Exercise details:
Output, exactly and with no pictures, the line that contains "Sc-FC Bulkhead Hybrid Fiber Optical Adapter" and every line that comes after it in the data below, the last one included.

Stored data:
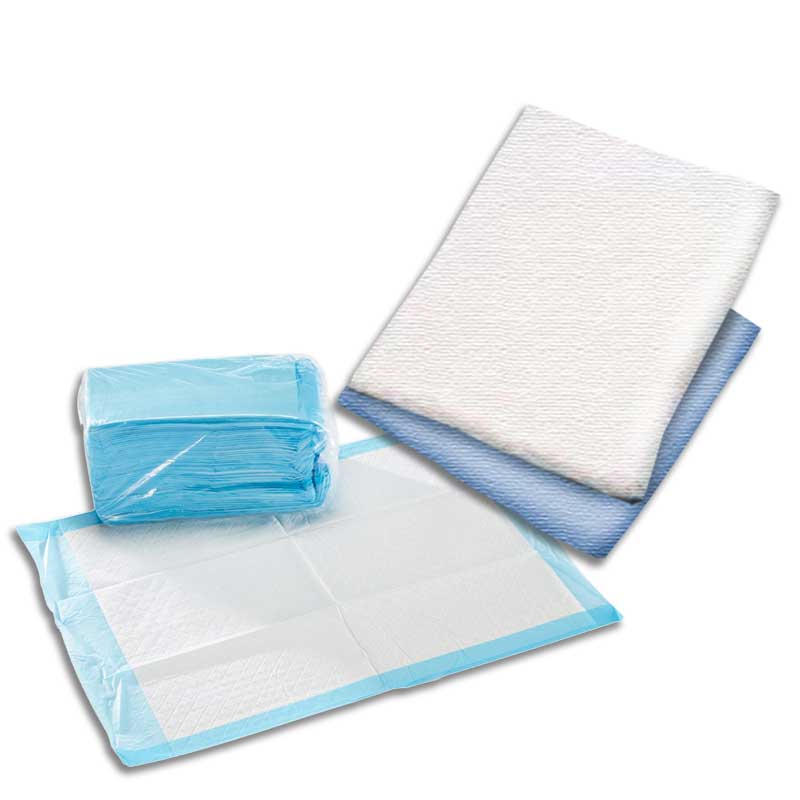 Photo of various types of procedure and equipment drapes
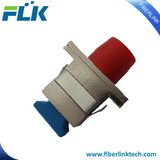 Sc-FC Bulkhead Hybrid Fiber Optical Adapter
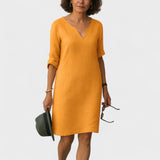 Clara - Vestido Sofisticado com Estilo Descomplicado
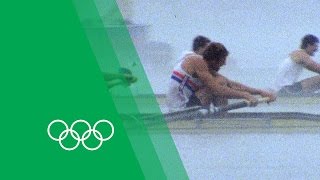 A Defining Moment in British Olympic Rowing  Olympic Rewind [upl. by Florin]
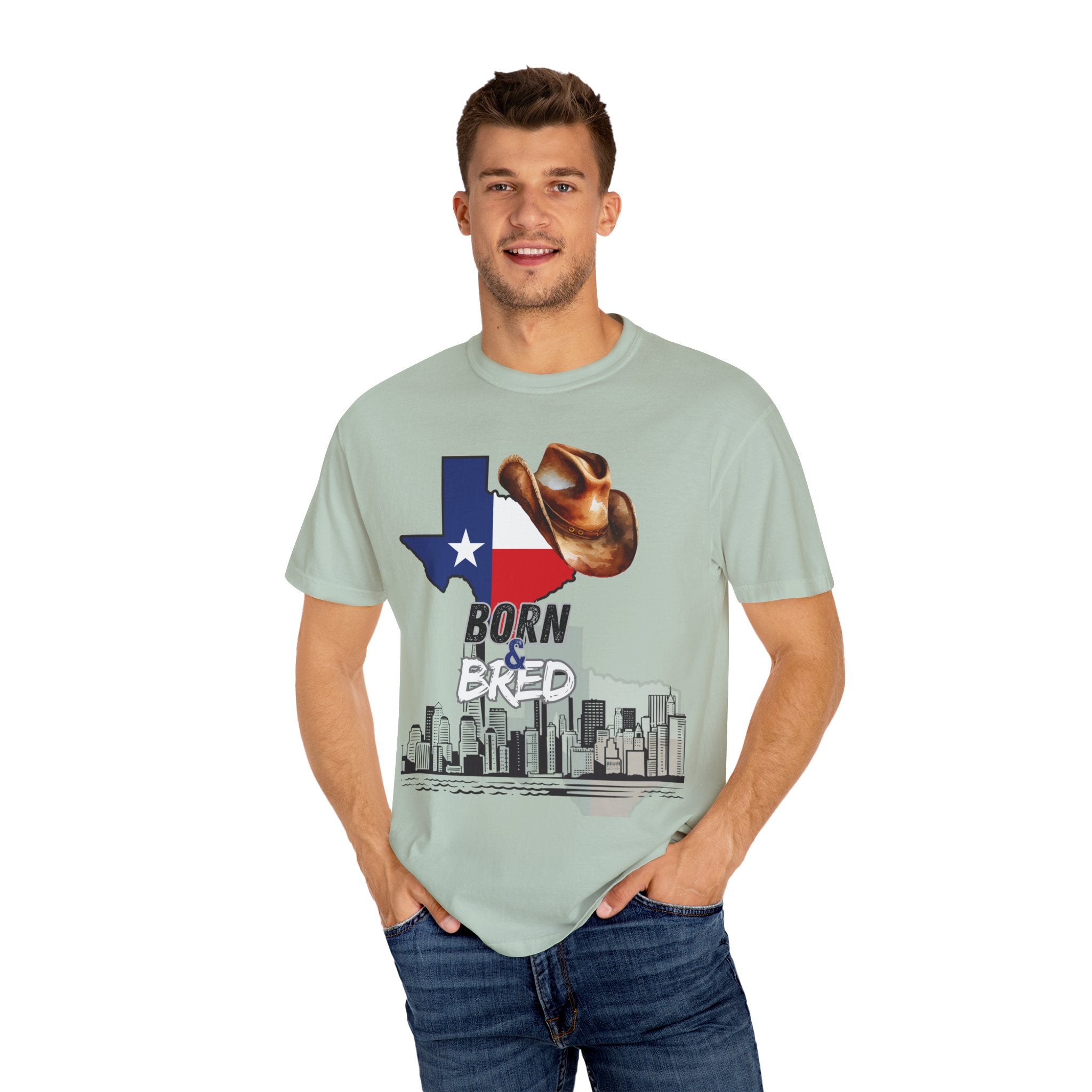 Born and Bred Texas Men’s T-shirt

Written answer:
 Sc-FC Bulkhead Hybrid Fiber Optical Adapter
 Clara - Vestido Sofisticado com Estilo Descomplicado
 A Defining Moment in British Olympic Rowing  Olympic Rewind [upl. by Florin]
 Born and Bred Texas Men’s T-shirt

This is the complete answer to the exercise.